'N' and 'D' not working as expected with sed - linux

sed 'N; D' testfile
testfile contains:
this is the first line
this is the second line
this is the third line
this is the fourth line
I am using RHEL 6 and the output comes as:
this is the fourth line
As per my understanding, N just pulls in the next line into the pattern space and D deletes just the first line of the pattern space. Therefore, the output should have been:
this is the second line
this is the fourth line
Can someone please explain why the output is coming as mentioned above?

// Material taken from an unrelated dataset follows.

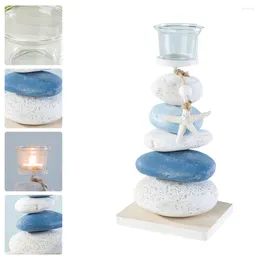 Candle Holders Candlestick Mediterranean-type Stone Candleholder Desktop Decorative Ornament Blue White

According to the documentation:
D
If pattern space contains no newline, start a normal new cycle as if the d command was issued. Otherwise, delete text in the pattern space up to the first newline, and restart cycle with the resultant pattern space, without reading a new line of input.
(Emphasis mine.)
It sounds like this would restart your sed program from the beginning, reading and deleting lines until it runs out of input, at which point only the last line is left in the buffer.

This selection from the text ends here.